Het is onmogelijk om een compleet overzicht te bieden van alle factoren die de effectiviteit van een netwerk bepalen, laat staan dat je als manager van een netwerk aan al deze factoren tegelijk kunt werken. Het startpunt ligt dan ook bij een heldere afbakening van het netwerk, als minimale vereiste voor een effectief netwerk en als belangrijke randvoorwaarde voor het meten van de uiteindelijke impact ervan. Waarom, wie, wat en hoe: deze vier dimensies bepalen – zoals we gezien hebben – gezamenlijk de richting van het netwerk. Het klinkt zo logisch, maar in de praktijk blijkt het op deze essentiële basisprincipes van netwerksamenwerking mis te gaan. Dat wordt meer geïllustreerd in de praktijkcasussen in dit magazine. Zo zien we in de arbeidsmarktregio’s onduidelijkheid over de gezamenlijke opdracht van het netwerk (waarom), bij de regionale energiestrategieën komt de democratische legitimiteit van het netwerk in het gedrang (wie en wat), en bij de jeugdhulpnetwerken bestaan er grote discrepanties tussen de daadwerkelijke en ervaren netwerksturing (hoe).

3 casussen

Lees meer in onderstaande artikelen over de casussen:

Serieuze risico’s

Is er geen sprake van een heldere netwerkafbakening? Dan brengt dat serieuze risico’s met zich mee. Zo kan een disbalans tussen inhoud en organisatie ertoe leiden dat de vertaling van het strategisch-bestuurlijke niveau naar het tactisch-operationele niveau ontbreekt. Het is dan onduidelijk wie de probleemeigenaren zijn die verantwoordelijk zijn voor het behalen van (deel)doelstellingen, waardoor het stokt het in de vertaling naar de uitvoering. Netwerken die toewerken naar een gezamenlijke strategie voor het aanpakken van maatschappelijke opgaven, hebben bovendien te maken met diverse belangen en afwegingen. Neem de regionale energiestrategieën: in politiek-bestuurlijke zin zijn die misschien democratisch legitiem tot stand gekomen, maar dat blijkt geen garantie voor voldoende betrokkenheid en geïnformeerdheid van de volksvertegenwoordigers – laat staan van de inwoners zelf.

Governance van een netwerk is cruciaal voor goede netwerkresultaten

Governance van relaties

Governance van een netwerk is cruciaal voor goede netwerkresultaten. Grote organisatienetwerken, zoals de jeugdhulpnetwerken, kunnen geen tijdige integrale hulp op maat garanderen als de aansturing van het netwerk niet op orde is.
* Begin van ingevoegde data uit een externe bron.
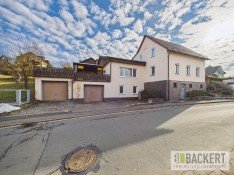 Hauptbild Wohnen, Arbeiten, Hobby. Hier ist vieles möglich. Geräumiges Wohnhaus sucht Liebhaber!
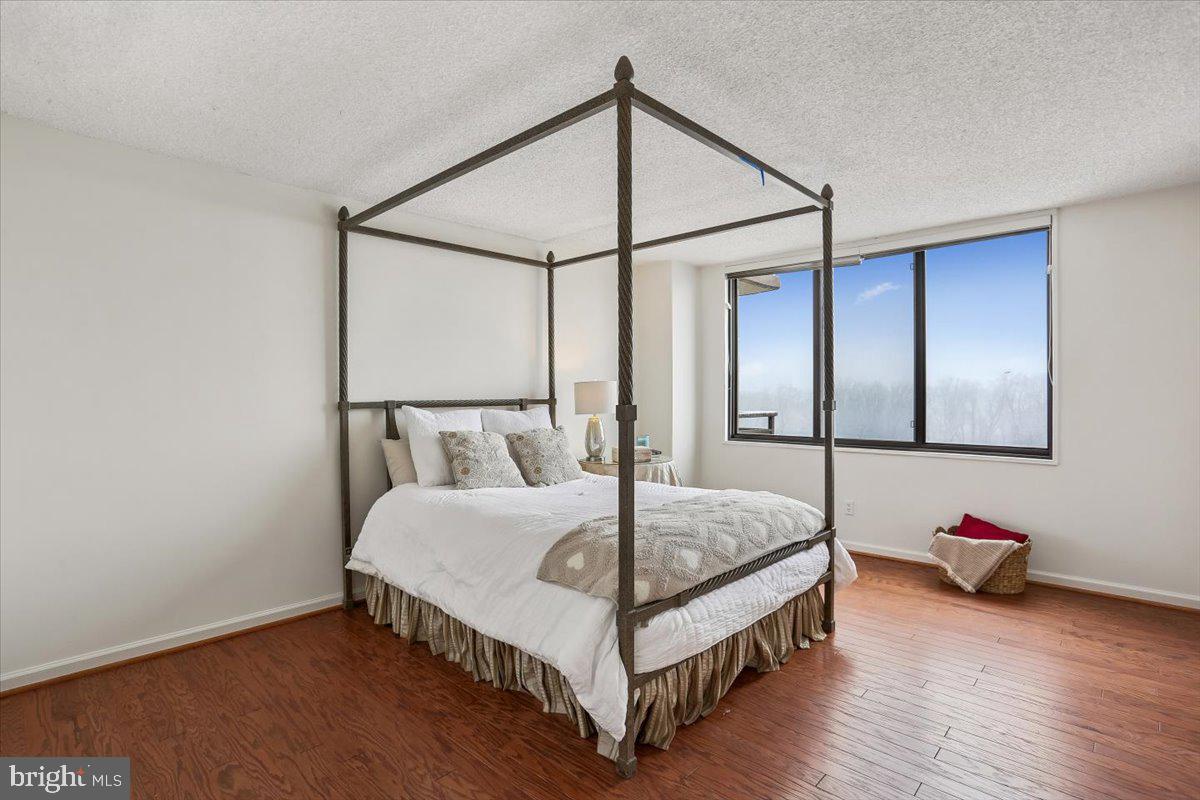 PROMENADE TOWERS - Residential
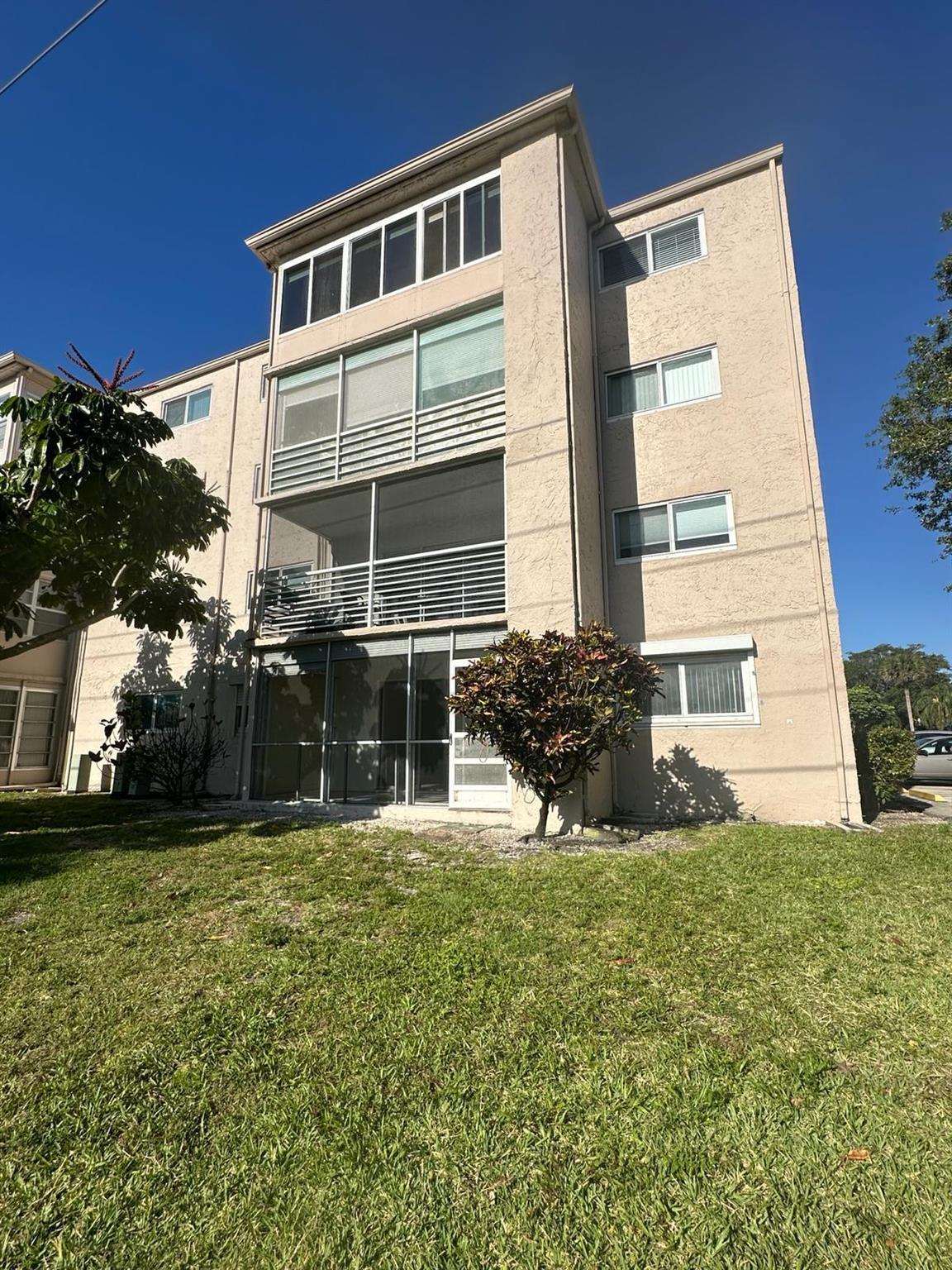 225 Bonnie Boulevard 116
Als het voor degene die het netwerk aanstuurt (netwerkmanager) niet duidelijk is welke verbindingen in het netwerk nodig zijn om de kernprocessen te structureren, dan kan de strategische rol in de governance van het netwerk niet goed worden vervuld en worden processen zoals informatie uitwisselen, cliënten verwijzen en administratie ineffectief. De sturing van netwerken gaat dus over de governance van relaties. Wees verder alert op de mate van gedeeld begrip, betrokkenheid, legitimiteit en vertrouwen. Deze factoren zijn medebepalend voor de effectiviteit van een netwerk. In de casussen is vooral legitimiteit een terugkerend thema, en dat vraagt om meer aandacht voor controle en toezicht.

Meer grip op het netwerk

Een manier om meer grip te krijgen op het netwerk is door te starten met een heldere invulling van de vier netwerkdimensies. Het werken met een beleidstheorie, een krachtenveldanalyse en een netwerkanalyse is daarbij een sterke combinatie.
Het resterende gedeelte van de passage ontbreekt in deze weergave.